:: ENTRIES PROVIDED ::

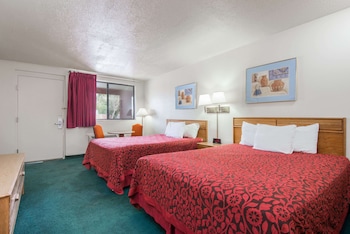 Standard Room, 2 Queen Beds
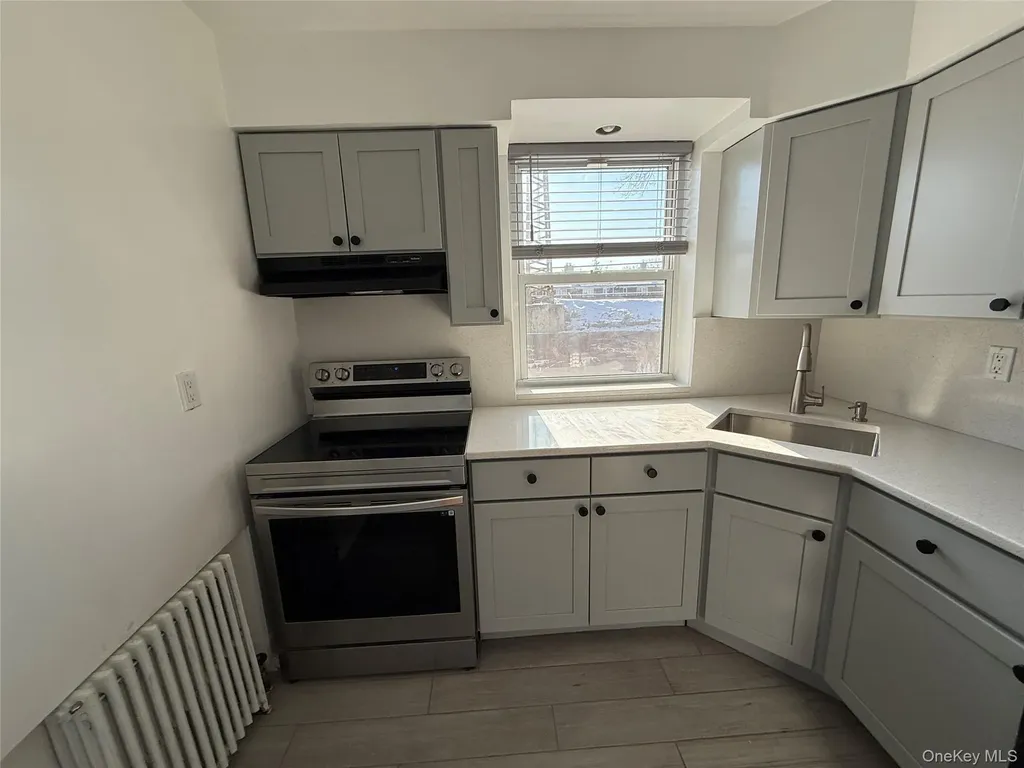 194-20A 39th Avenue Flushing NY 11358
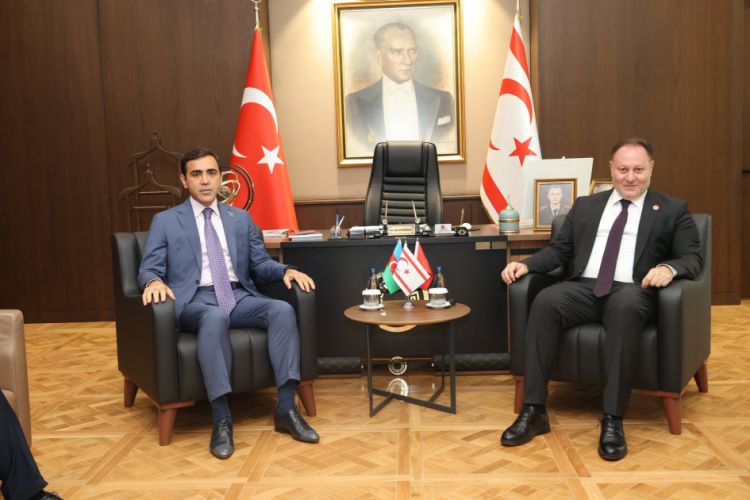 Şimali Kipr parlamentinin sədri Yeni Azərbaycan Partiyasının nümayəndə heyətini qəbul edib<font color=red> - FOTOLAR</font>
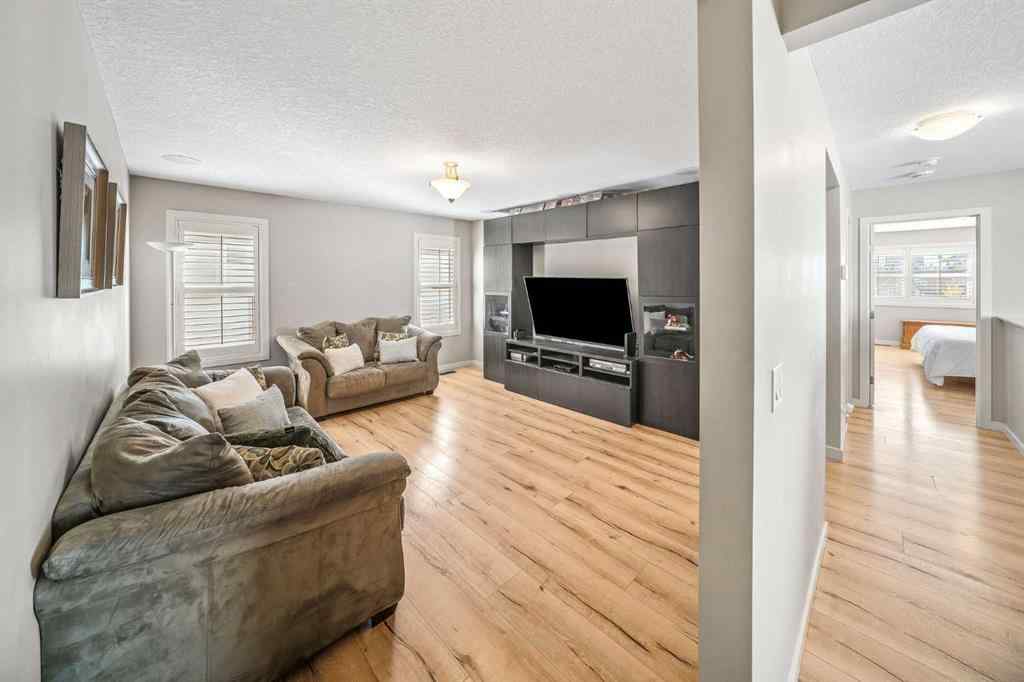 MLS® A2260783 - 220 Auburn Meadows Crescent SE in Auburn Bay Calgary, Residential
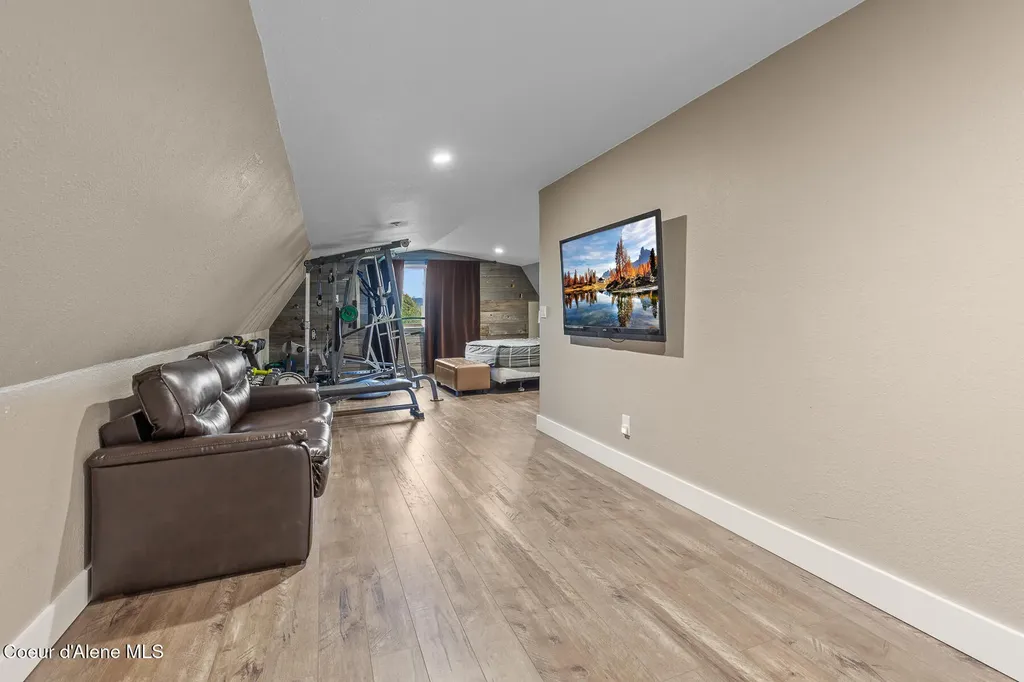 3757 N Carolwood Court Post Falls ID 83854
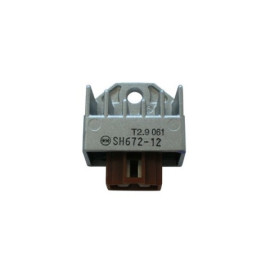 Regolatore di Tensione Giapponese SH672-12 - 12V - 4 FASTON - morsettiera marrone per APRILIA SCARABEO 50 DI-TECH (2001/2004) / SR 50 DI-TECH/EURO2/FACTORY (mot. DI-TECH - 2000/2005)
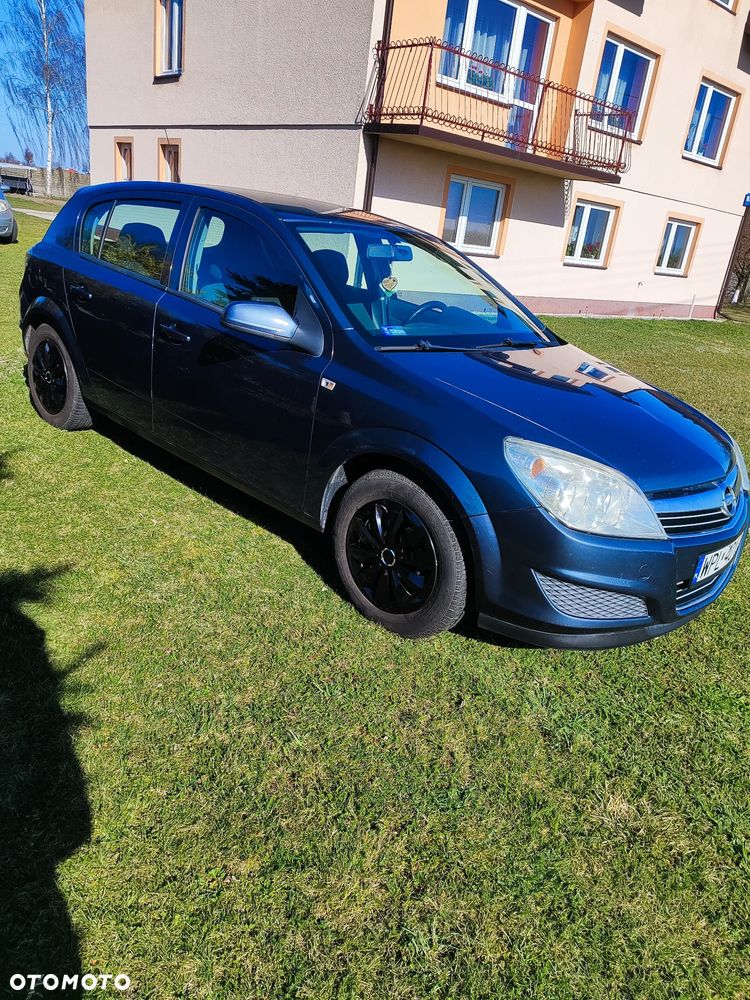 Opel Astra 1.4 Essentia - 4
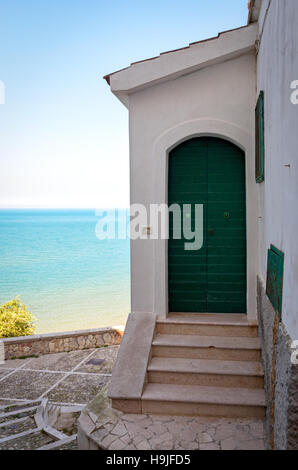 Belle petite maison avec vue sur la mer. Banque D'Images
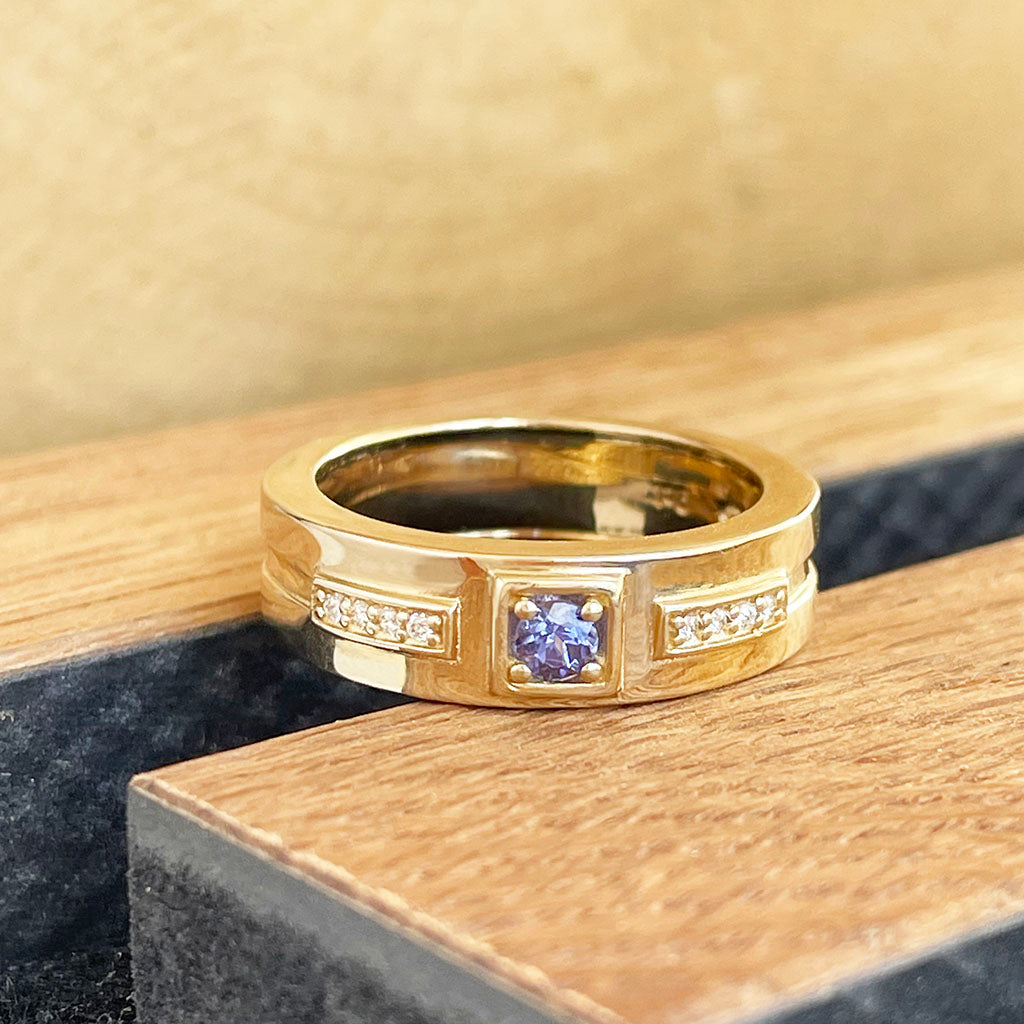 Tanzanite and Diamond Mens ring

:::

Could you retype every record above exactly, leaving the pictures out?

 Standard Room, 2 Queen Beds
 194-20A 39th Avenue Flushing NY 11358
 Şimali Kipr parlamentinin sədri Yeni Azərbaycan Partiyasının nümayəndə heyətini qəbul edib<font color=red> - FOTOLAR</font>
 MLS® A2260783 - 220 Auburn Meadows Crescent SE in Auburn Bay Calgary, Residential
 3757 N Carolwood Court Post Falls ID 83854
 Regolatore di Tensione Giapponese SH672-12 - 12V - 4 FASTON - morsettiera marrone per APRILIA SCARABEO 50 DI-TECH (2001/2004) / SR 50 DI-TECH/EURO2/FACTORY (mot. DI-TECH - 2000/2005)
 Opel Astra 1.4 Essentia - 4
 Belle petite maison avec vue sur la mer. Banque D'Images
 Tanzanite and Diamond Mens ring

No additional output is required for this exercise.